* What you need to do *
Only the lines from the one containing "OPPO Wireless Sports" through the final line below belong in the output, copied exactly and without pictures.
-- The data follows --
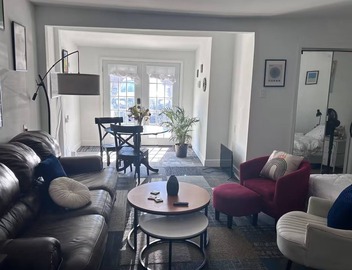 Cozy, safe, centrally located studio 3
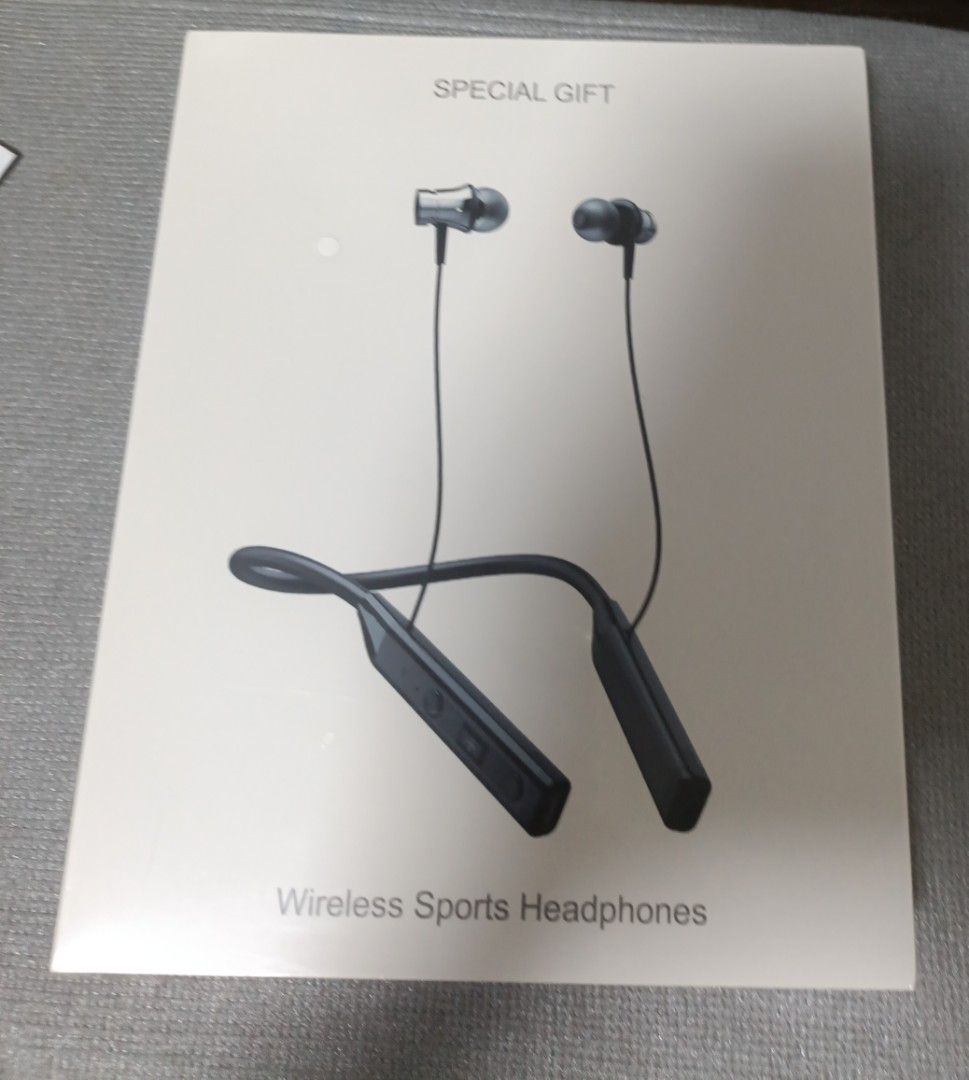 OPPO Wireless Sports HeadPhones Audio Headphones Headsets on Carousell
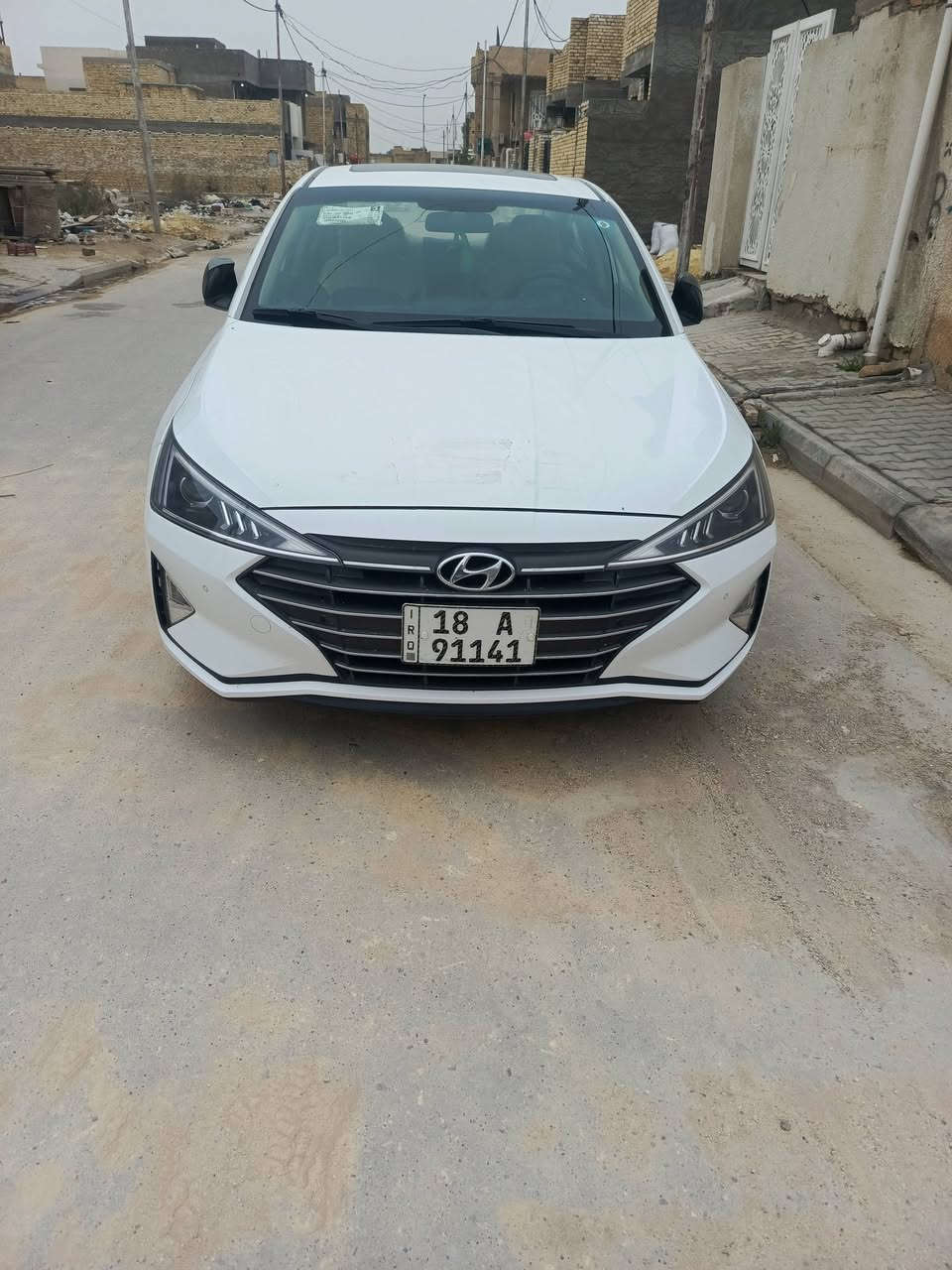 النترا 2020 مكفوله خليجيه ماشيه 114 رقم بابل بسمي مكان كوت السعر 175 مجال بسيط ***********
-- The data concluded --
* Output for this exercise *
 OPPO Wireless Sports HeadPhones Audio Headphones Headsets on Carousell
 النترا 2020 مكفوله خليجيه ماشيه 114 رقم بابل بسمي مكان كوت السعر 175 مجال بسيط ***********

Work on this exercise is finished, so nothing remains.